_Task to complete_. Below are several records. Retype exactly those lines running from the one with "this 400×260 image." through the one with "this 400×267 image.", end lines included, and no others.

_Data under study_.
========================

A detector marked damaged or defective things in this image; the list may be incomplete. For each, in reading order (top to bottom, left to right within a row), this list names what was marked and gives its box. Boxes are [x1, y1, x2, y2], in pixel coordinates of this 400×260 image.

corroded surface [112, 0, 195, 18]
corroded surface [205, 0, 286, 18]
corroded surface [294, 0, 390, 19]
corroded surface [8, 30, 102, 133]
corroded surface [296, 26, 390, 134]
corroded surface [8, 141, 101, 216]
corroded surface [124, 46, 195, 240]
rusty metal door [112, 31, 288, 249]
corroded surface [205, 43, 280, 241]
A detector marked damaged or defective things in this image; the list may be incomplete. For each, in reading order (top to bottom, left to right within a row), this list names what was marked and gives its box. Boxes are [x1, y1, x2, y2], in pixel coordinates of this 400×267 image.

========================

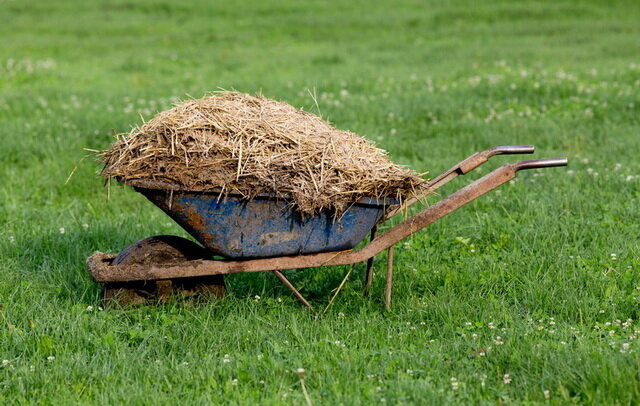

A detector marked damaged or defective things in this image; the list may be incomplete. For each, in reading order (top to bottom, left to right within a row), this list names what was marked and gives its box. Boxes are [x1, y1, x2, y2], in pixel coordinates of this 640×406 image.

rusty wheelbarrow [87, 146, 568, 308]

========================

_Response area_.
A detector marked damaged or defective things in this image; the list may be incomplete. For each, in reading order (top to bottom, left to right within a row), this list names what was marked and gives its box. Boxes are [x1, y1, x2, y2], in pixel coordinates of this 400×260 image.

corroded surface [112, 0, 195, 18]
corroded surface [205, 0, 286, 18]
corroded surface [294, 0, 390, 19]
corroded surface [8, 30, 102, 133]
corroded surface [296, 26, 390, 134]
corroded surface [8, 141, 101, 216]
corroded surface [124, 46, 195, 240]
rusty metal door [112, 31, 288, 249]
corroded surface [205, 43, 280, 241]
A detector marked damaged or defective things in this image; the list may be incomplete. For each, in reading order (top to bottom, left to right within a row), this list names what was marked and gives its box. Boxes are [x1, y1, x2, y2], in pixel coordinates of this 400×267 image.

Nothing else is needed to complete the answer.